/programs/ourwork/researchinfo/workflows/practice.htm

originally: http://www.oclc.org/programs/ourwork/researchinfo/workflows/practice.htm

Survey of Current Practice Project

We have commissioned a study of the role of research libraries in the higher education research assessment regimes in five countries - the Republic of Ireland, the UK, the Netherlands, Denmark and Australia. This work is being carried out by Key Perspectives, a UK library and scholarly publishing consultancy. The report will be published in the summer of 2009.

Description

Much attention is being directed towards research assessment and the development of procedures for assessment both in universities and at a national level. In the UK, which has had a national research assessment process aimed at fostering research excellence for over two decades, research assessment has absorbed huge amounts of attention, effort and time, and has undoubtedly contributed towards a change in attitudes of university managers and research communities towards their missions and towards their fellow institutions. Some believe that competitiveness has displaced the collegiate, collaborative values that the academy once held.

Those countries that have pursued different paths in regard to funding higher education and research, distributing funding on a less combative basis, may not have themselves engendered the levels of competitiveness that may be seen in the UK, for example.
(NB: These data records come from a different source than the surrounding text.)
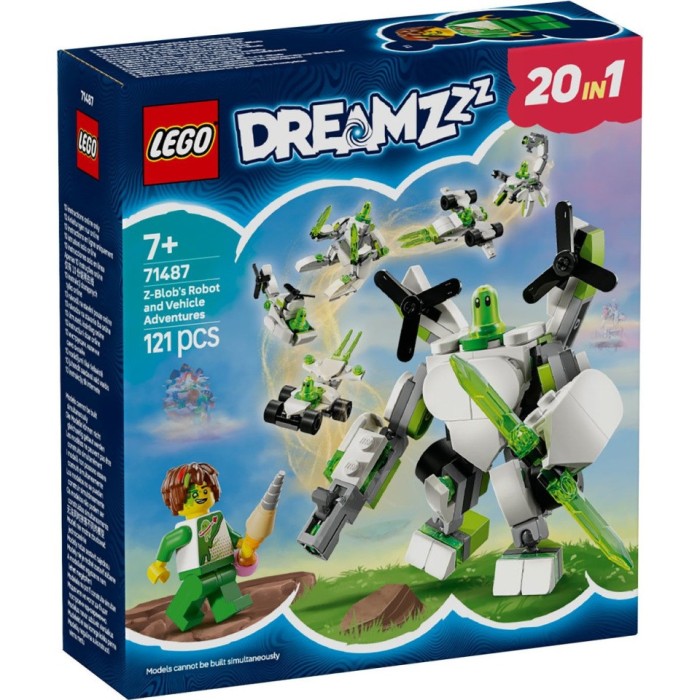 LEGO DREAMZZZ AVENTURILE CU ROBOTI SI VEHICULE ALE LUI Z-BLOB 71487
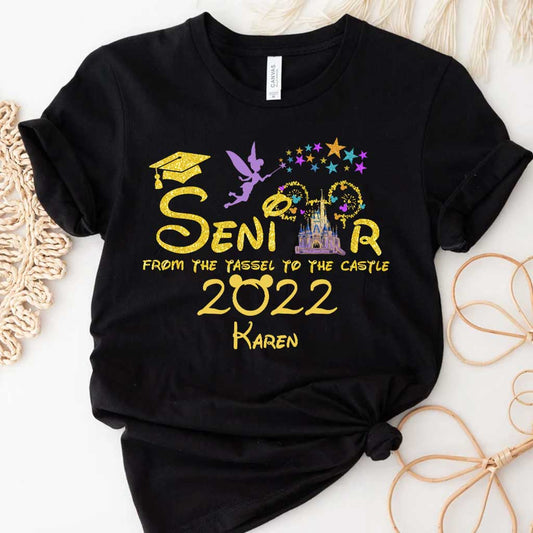 From The Tassel To The Castle - Personalized Graduation T-shirt and Hoodie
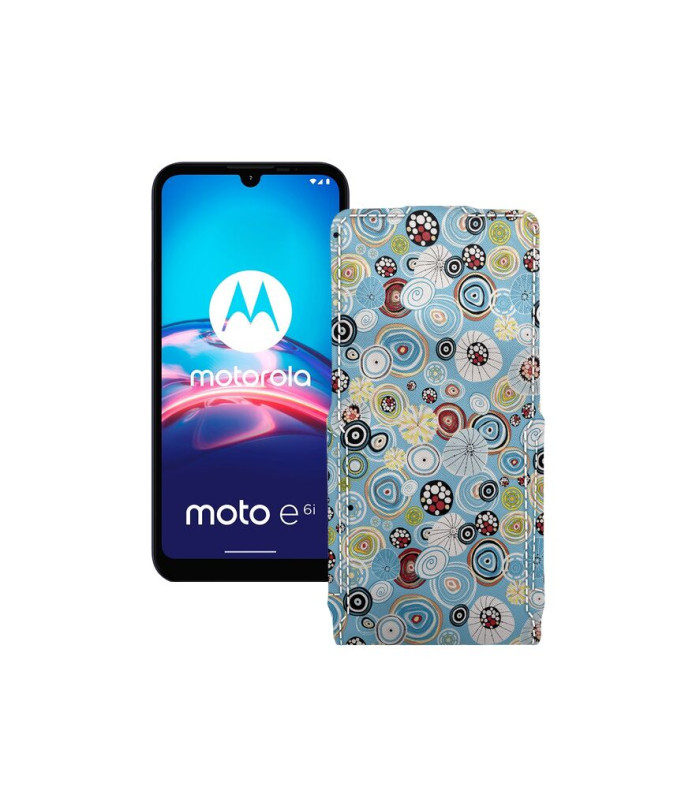 Чохол-флип з екошкіри для телефону Motorola Moto E6i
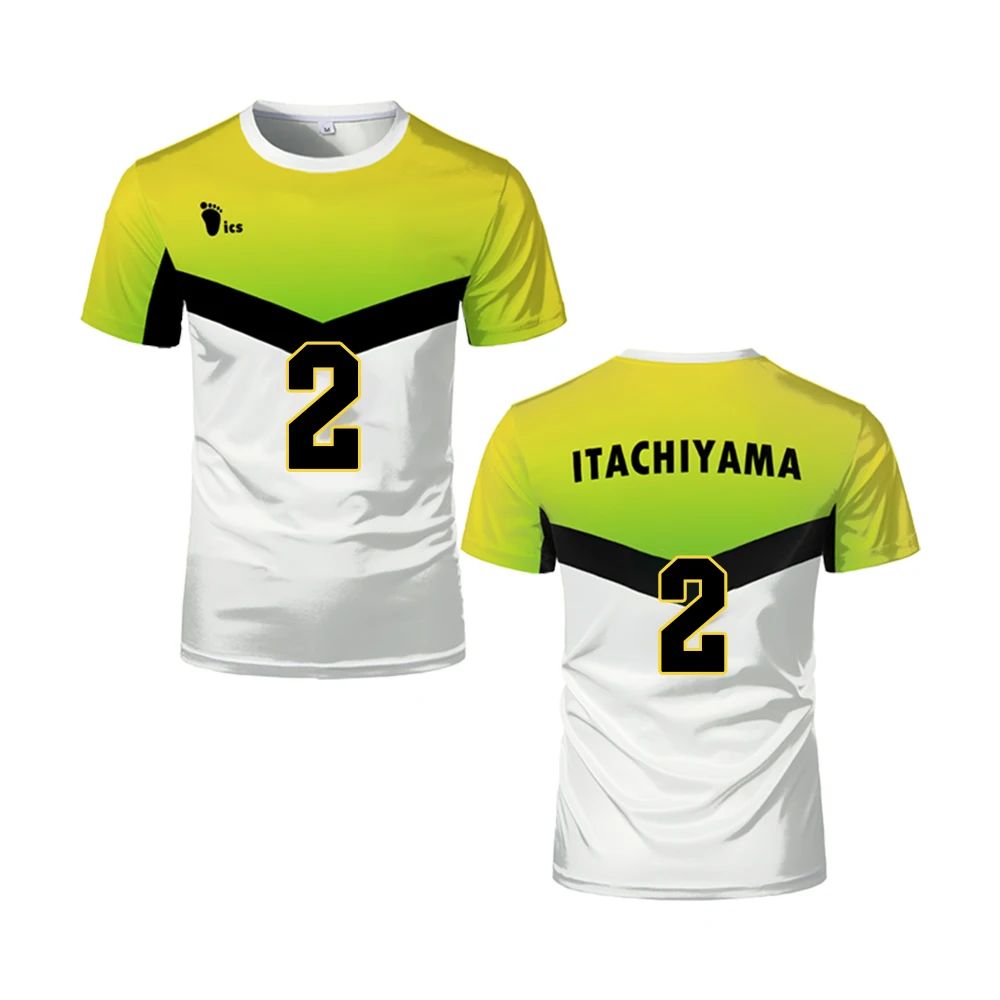 Japanese Anime Haikyuu Jersey Itachiyama Institute Kiyoomi Sakusa Cosplay Man T-Shirts Sports Gym Oversized Men/Women Y2k Tees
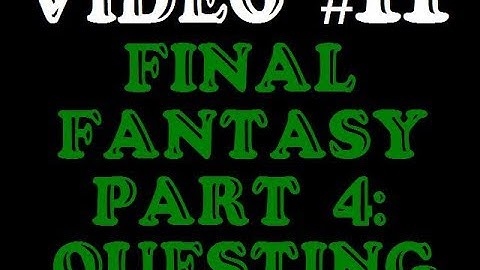 Nicks AWESOME Game Genie codes NES #11 Final Fantasy QUESTING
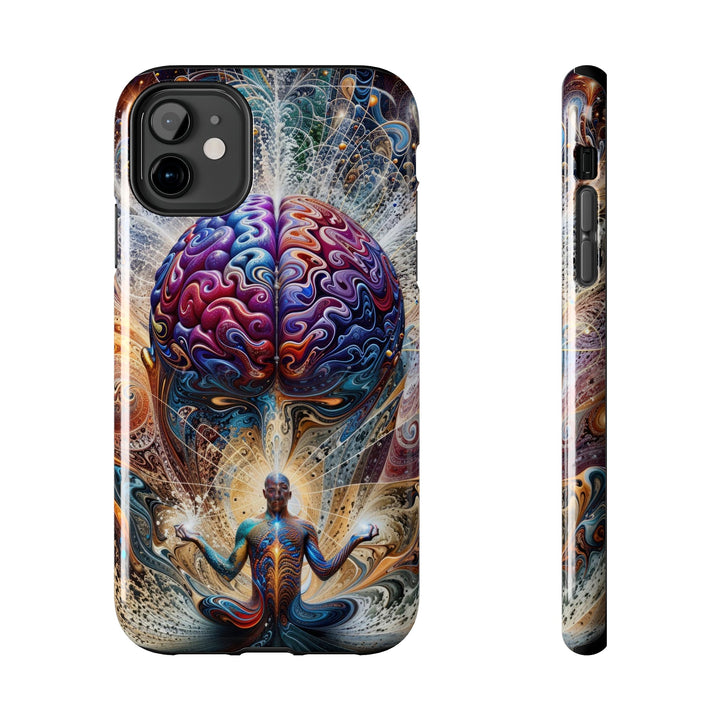 Cosmic Consciousness Meditation - Tough Phone Case - Phone Case - g(0D·IO) - iPhone 11 - -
Nevertheless, with the rise in usage of world university ranking systems like the Times Higher World University Ranking and the Jiao Tong Academic Ranking of World Universities, a new urgency is informing the approach to competition among universities worldwide, and within various regions and sectors.

This study will describe research assessment regimes and the role of research libraries within these processes. Libraries occupy an interesting position within the academy, both belonging to an institution yet to an extent separated from it. There is—arguably—a set of 'research library values' that remains independent of local, institutional values, enabling libraries to occupy a unique and constructive role in the development of research assessment processes.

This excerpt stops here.